# Interesting article



## Tony (Aug 10, 2022)

Thought this was a pretty good read for us woodworkers.









The Quirky History of the Osage Orange, Texas’s Ugliest Fruit


Once eaten by woolly mammoths, and later used by Indigenous Texans and settlers for its wood, this strange plant has spread from Texas across the country.




www.texasmonthly.com

Reactions: Like 4 | Informative 4


----------



## trc65 (Aug 10, 2022)

Thanks Tony, that was a good read! Never realized it originated in TX and spread from there.

Here in west central IL, I grew up with hedge apples, along with honey locust and multi flower rose. The “oldtimers" always called the area around here 'pucker brush'. Keeping the pasture clear was a regular summertime job for me after school let out. 

None of our cattle would ever touch it, but squirrels were always disecting them for the seeds.

Reactions: Like 1


----------



## Nature Man (Aug 10, 2022)

When I lived in Redding, CA, I responded to a guy on Craigslist that wanted to remove an old standing OO tree in his yard. I took my chainsaw and loaded up my pickup with as much as I could carry. Gave some away for firewood to a friend, and kept a few chunks that I later sliced up into planks and blanks. It's a fantastic wood, but it is prone to cracking. Chuck

Reactions: Like 1


----------



## trc65 (Aug 10, 2022)

Way back when, we only cut it to clear the pasture and for fence posts. Still have sections of fence that are in good shape 40+ years after I helped Dad cut posts and install them.

Reactions: Agree 1 | Way Cool 3


----------



## ironman123 (Aug 11, 2022)

@Tony you are getting good at Copy/Paste. I will see you at SWAT. I called and made an order with Curtis at turntex. He will bring it to SWAT.
Leather Show this weekend at convention center upstairs. Classes downstairs.

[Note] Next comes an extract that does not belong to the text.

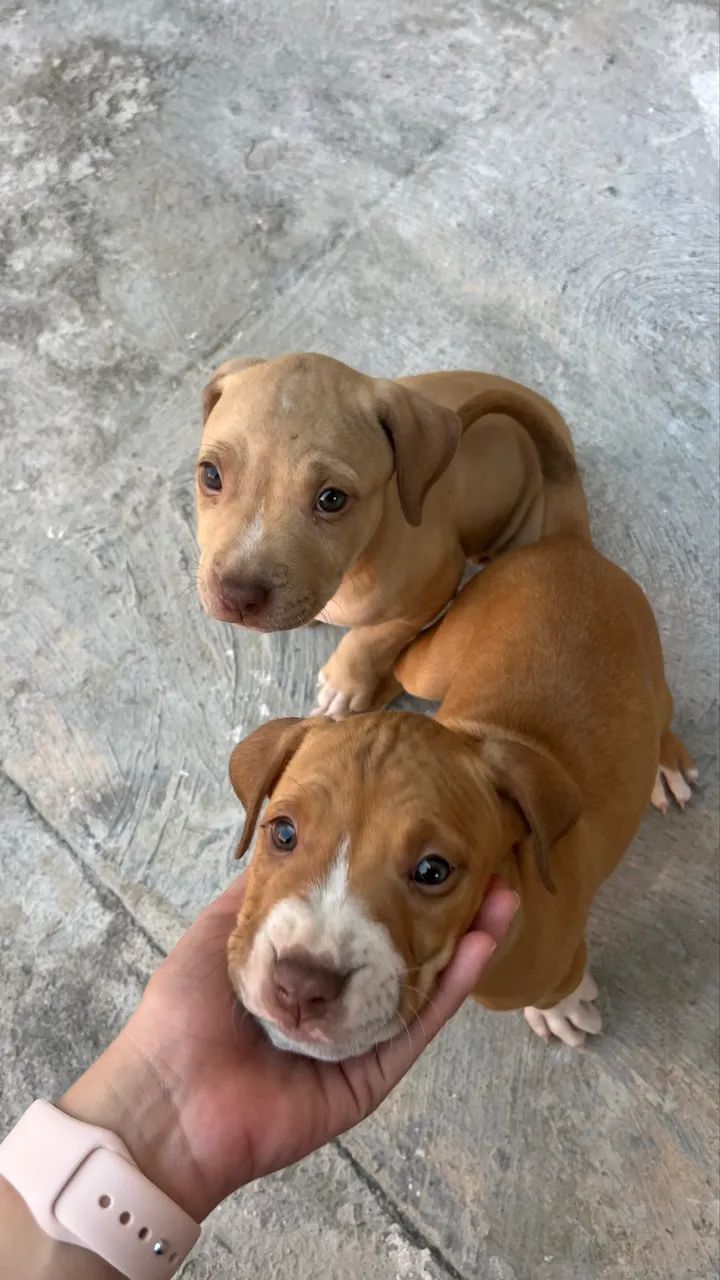 Pitbull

Yuo doing any stabilizing yet?


----------



## Tony (Aug 11, 2022)

ironman123 said:


> @Tony you are getting good at Copy/Paste. I will see you at SWAT. I called and made an order with Curtis at turntex. He will bring it to SWAT.
> Leather Show this weekend at convention center upstairs. Classes downstairs.
> 
> Yuo doing any stabilizing yet?


Thanks Ray! 

I still haven't done any yet, I might pick up some Cactus Juice from Curtis there.

Reactions: Like 1


----------



## ironman123 (Aug 11, 2022)

@Tony I bought me a new Toaster Oven at W-mart last night. I need to stabilize some of these blanks I have and try to move them along.
You haven't done any yet. Man how long has it been? You are s l o w.

Reactions: Funny 2


----------



## barry richardson (Aug 11, 2022)

Cool article, when I was a teenager I helped my dad take out an old fence row with hedge post. About a quarter mile worth. Dad eventually cut the post up for fire wood, I was amazed at all the weird green stuff mixed in (the parts of the posts that were below ground) This was way before I was into woodworking and the mineral-stained hedge craze, it all went up in smoke lol...

Reactions: Sincere 2


----------